Fox ups bid to £24.5bn in takeover battle for Sky
Fox hiked its bid to take full control of Sky to £14-a-share in the latest salvo in the Sky takeover tussle.
Rupert Murdoch’s 21st Century Fox has turned up the heat in the battle to take over Sky after trumping rival Comcast with a higher bid worth £24.5 billion.
Fox hiked its bid to take full control of Sky to £14-a-share – nearly a third more than the £10.75 price it agreed to pay in its original offer 18 months ago and leapfrogging US cable group Comcast’s £12.50-a-share takeover proposal.
Sky’s independent committee has agreed to Fox’s raised bid, with all eyes now on Comcast’s next move amid expectations it may improve its £22 billion offer.
Fox is hoping to see off competition from Comcast after a long battle to buy the remaining 61% stake in Sky it does not already own, having faced heavy scrutiny from the UK government and competition watchdogs.
But analysts were not convinced, with its £14-a-share counter-bid lower than some had expected.
George Salmon, equity analyst at Hargreaves Lansdown, said: “The fact the offer is slightly behind what some had anticipated brings another twist.
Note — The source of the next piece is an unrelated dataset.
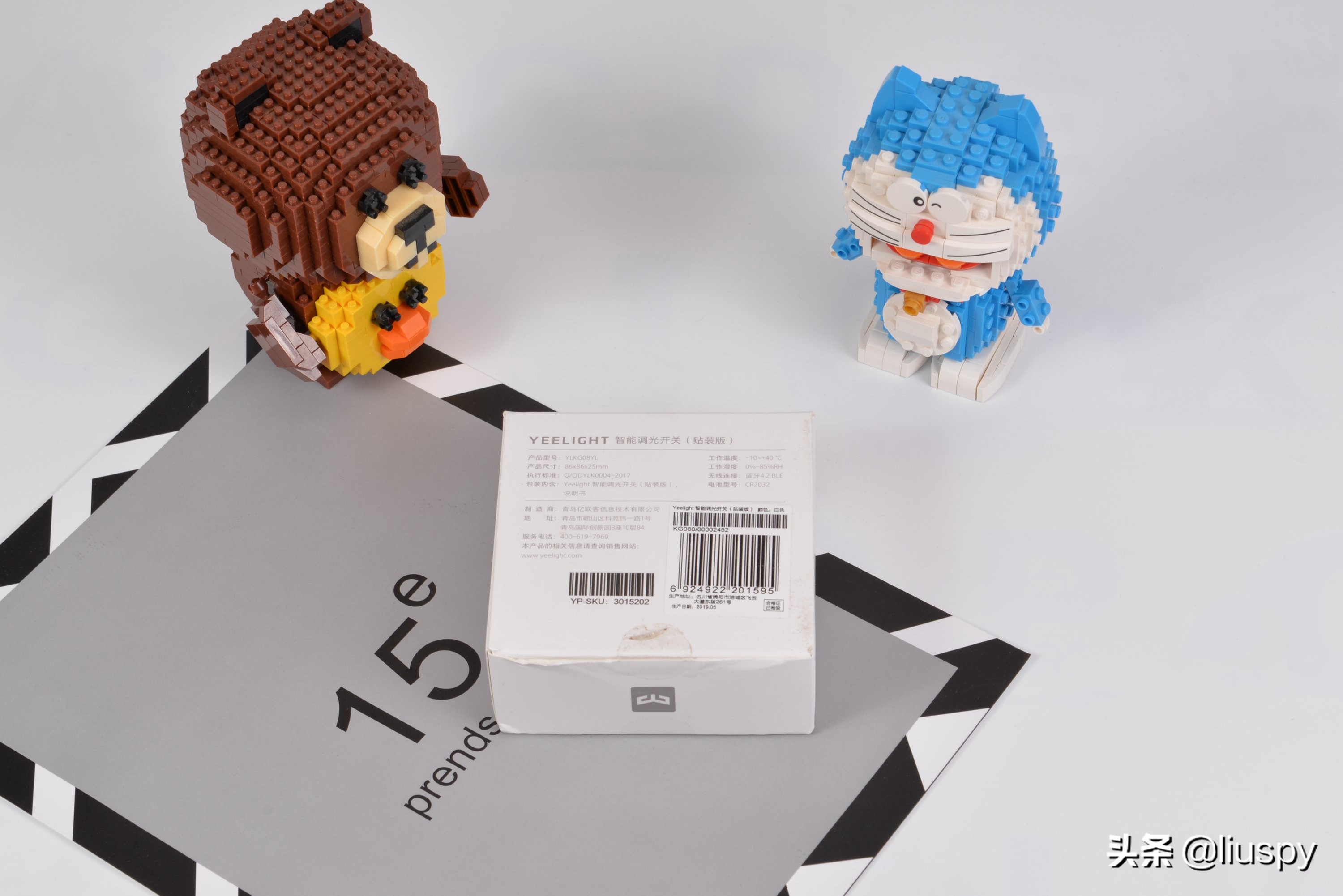 yeelight智能窗帘电机怎么调试,目前最好的智能窗帘电机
“In fact, there’s every chance it might entice another counter from Comcast.”
Fox is still waiting for a final decision from the Government on whether to accept its proposals over the sale of Sky News to address concerns over media plurality, given that the Murdoch family also owns News Corp – the publisher of a raft newspapers including The Sun and The Times.
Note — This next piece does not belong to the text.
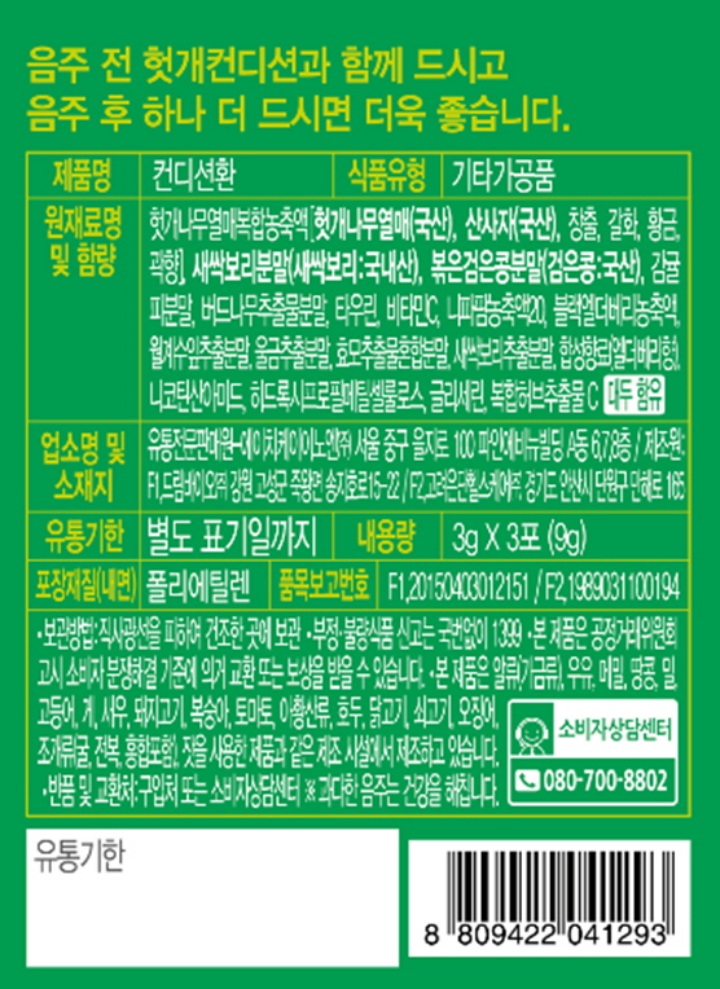 컨디션환 3g*3입컨디션환 3g*3입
Last month, the then UK culture secretary Matt Hancock said Fox would have to sell off Sky News to secure government approval for the deal.
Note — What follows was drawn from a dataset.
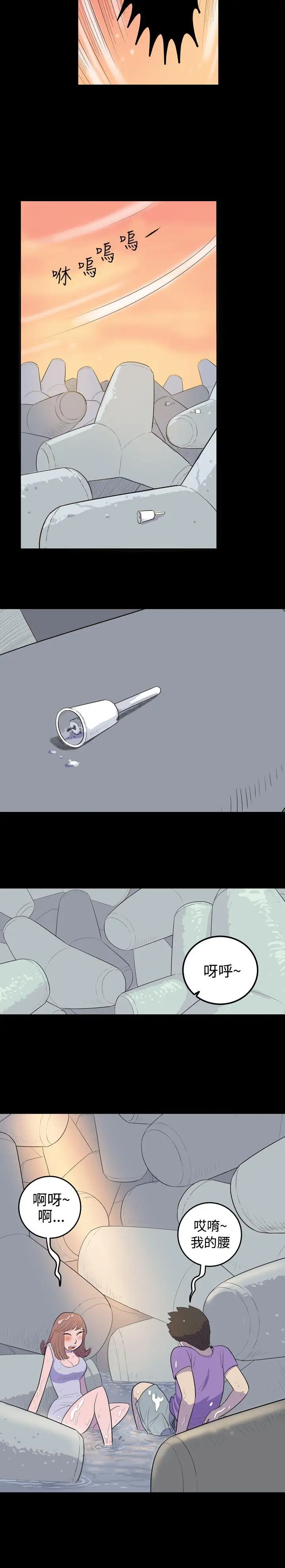 10人10色：初体验南政勋-死前sex(上)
Under its plans to offload Sky News to Disney, Fox has pledged to provide a Disney-owned Sky News channel with funding of at least £100 million a year for 15 years.
But if terms of a sale of Sky News cannot be agreed, Mr Hancock told Parliament the “only effective remedy now would be to block the merger altogether”.
A decision is expected by July 12.
The Government has separately cleared Comcast’s bid for Sky.
Shares in Sky slipped back around 1% after Fox revealed its latest offer, but the stock remained above the £14 price – at around £14.89 – in a sign that investors are expecting another move from Comcast.
Sky has been thrust at the centre of a global tussle between media giants Walt Disney and Comcast as they lead a fightback against the might of Amazon and Netflix.
Fox has already agreed to sell most of its assets – including its current 39% stake in Sky – to Disney.
If Fox buys the remaining stake in Sky before completing the Disney deal, Disney would take full ownership of Sky when it closes its own takeover of the Fox assets.
But in a further complication to the takeover saga, Comcast has also made an all-cash offer for the Fox assets separate from its offer for Sky.
Comcast is preparing to post details of its £12.50-a-share Sky offer documents before a Friday deadline under UK takeover rules.
We strongly believe that a combined 21st Century Fox and Sky will be a powerful driver for the continued growth and vibrancy of the UK and broader global creative industries 21st Century Fox
On its higher bid, Fox said: “As the founding shareholder of Sky, we have remained deeply committed to bringing these two organisations together to create a world-class business positioned to deliver the very best entertainment experiences well into the future.
“We strongly believe that a combined 21st Century Fox and Sky will be a powerful driver for the continued growth and vibrancy of the UK and broader global creative industries.”